Traduzione. In queste note di traduzione abbiamo già diverse volte accennato ai termini tecnici. Nella pagina di oggi ce ne sono diversi. Uno ricorre ben tre volte: si tratta del gazophylakion , il “tesoro” del tempio, termine che deriva dalla parola persiana ganj che significa “tesoro” e dal termine greco phylax  che significa “custode”. Con questa etimologia è collegato il termine “genizà”, reso famoso dalla “geniza del Cairo”, dove furono ritrovati importanti manoscritti archiviati dopo il loro uso in sinagoga.

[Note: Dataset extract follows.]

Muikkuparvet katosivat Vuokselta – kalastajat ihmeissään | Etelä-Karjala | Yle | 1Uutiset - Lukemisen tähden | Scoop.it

Quando Giuseppe Flavio descrive l’incendio di Gerusalemme da parte dei soldati romani, dice che essi bruciarono anche “le stanze del tesoro, in cui c’era un’immensa quantità di denaro, e un numero immenso di indumenti, e altri beni preziosi, lì conservati; per dire tutto in poche parole, vi erano ammucchiate tutte le ricchezze dei giudei, poiché la gente ricca vi aveva trasferito le loro case” (Le guerre giudaiche 6.5.2). Altri testi giudaici dicono che nella sala del tesoro c’erano tredici recipienti in forma di tromba per la raccolta delle offerte. Il fatto che il termine greco tradotto con “tesoro” ricorra ora al singolare ora al plurale dipende dunque anche dal fatto che a seconda dei casi può riferirsi sia all’insieme delle stanze destinate alla conservazione dei soldi e dei beni sia ai numerosi recipienti destinati alla raccolta. Nel nostro testo, il termine ricorre sempre al singolare, ma non necessariamente ha sempre lo stesso significato. Nel primo caso, si può pensare che Gesù si sieda davanti alla “sala del tesoro”  dove i fedeli contattavano i sacerdoti incaricati delle offerte e ricevevano da loro il parere circa l’adeguatezza del tipo di moneta usata e anche della quantità dell’offerta in proporzione dello scopo cui era destinata. In questo caso si comprende che si possa tradurre s’aposentu de is orarias. Nel secondo caso, se non si vuol dare l’impressione che la gente lanci le monete nella sala, si deve supporre che il termine indichi i recipienti per la raccolta. Da qui la traduzione is strexius de is offertas. Nel terzo caso, sembra di poter dire che il senso non è più strettamente collegato né alla sala né ai recipienti in quanto tali, ma si sta dando un giudizio di valore del gesto, al di là delle apparenze. Perciò la traduzione più generica che indichi più specificamente il senso religioso del gesto: Deaderus, si ddu nau deu: sa fiuda, custa pobora, nci at getau in s’offerta prus de totus is chi funt getendi postus impari.